Recovery from spinal cord injury can take a long time, and sometimes even a lifetime. The duration of the recovery period will depend on the extent of tissue damage, as well as the general condition of the body. A well-chosen rehabilitation plan allows you to restore maximum neuromotor functions and return a person to a full life. At the Yusupov Hospital, a spinal injury rehabilitation plan is drawn up individually, which makes it possible to obtain the best treatment results.

Causes

Spinal cord damage can be caused by congenital anomalies, various diseases and injuries of the spine.

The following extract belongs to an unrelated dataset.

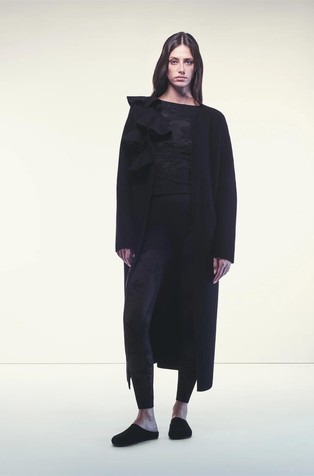 Aaron dolga pletena jopa z naborki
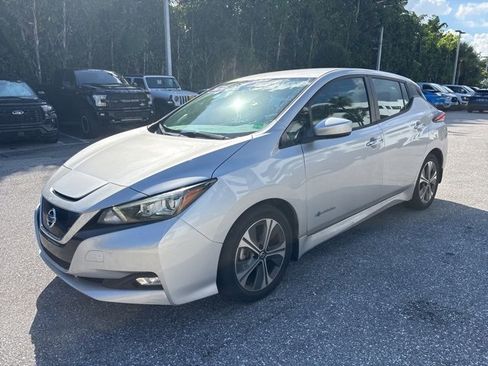 Used 2019 Nissan Leaf SV w/ SV Technology Package image 5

The latter include fractures, bruises, compression, dislocations, and concussions, accompanied by varying degrees of damage to tissue integrity. Injuries can occur as a result of a car accident, a fall, or receiving a perpendicular blow to the back (bullet wound, knife wound, blunt trauma).

The most dangerous is a rupture of the spinal cord. It is subject to long-term treatment and restoration of impaired functions. However, you must be prepared for the fact that with such an injury it is very difficult to fully recover, and in some cases, resuming the work of some organs and systems is not possible. In such a situation, psychologists at the Yusupov Hospital help the patient adapt to new living conditions.

Mortality

The highest risk of mortality occurs during the first year after injury and remains high compared with the general population. People with spinal cord injury are 2 to 5 times more likely to die early.

The risk of mortality increases with the level and severity of injury and is largely determined by the availability of timely and high-quality medical care. Factors such as the method of transport to hospital after injury and the time elapsed before admission to hospital are also important.

Secondary conditions that can be prevented (for example, infections from untreated pressure ulcers) are no longer considered the leading causes of death in people with spinal cord injury in high-income countries, but these conditions still remain the leading causes of death in people with spinal cord injury , in low-income countries.

Symptoms

Signs of a spinal cord injury usually appear immediately and do not raise doubts when making a diagnosis. When the spinal cord is damaged, the following symptoms occur:

  • Impaired consciousness (disorientation, loss of consciousness, coma);
  • Pain in the area of ​​injury;
  • Headache;
  • Vomit;
  • Double vision;
  • Breathing disorders;
  • Confusion of speech;
  • Numbness of areas of the body below the affected area;
  • Paralysis;
  • Incontinence of feces and urine.

The most dangerous is considered to be damage to the spinal cord in the cervical region, since in this case there is a risk of developing paralysis of the entire body. With this injury, brain function is disrupted and breathing may stop.

Muscle spasm due to spinal cord rupture

A symptom of spinal cord injury may be muscle spasticity. In this condition, pathological muscle tone is observed, which increases with tension and passive movement. Spasticity does not allow you to control muscles, move freely, or speak.

It is characterized by involuntary muscle twitching, which is associated with impaired nerve conduction due to spinal cord injury. However, the presence of spasticity may indicate that the connection between the muscles and the brain remains. Thus, when the spinal cord is ruptured, spasticity is a good sign that increases the chances of restoring normal function of the limb.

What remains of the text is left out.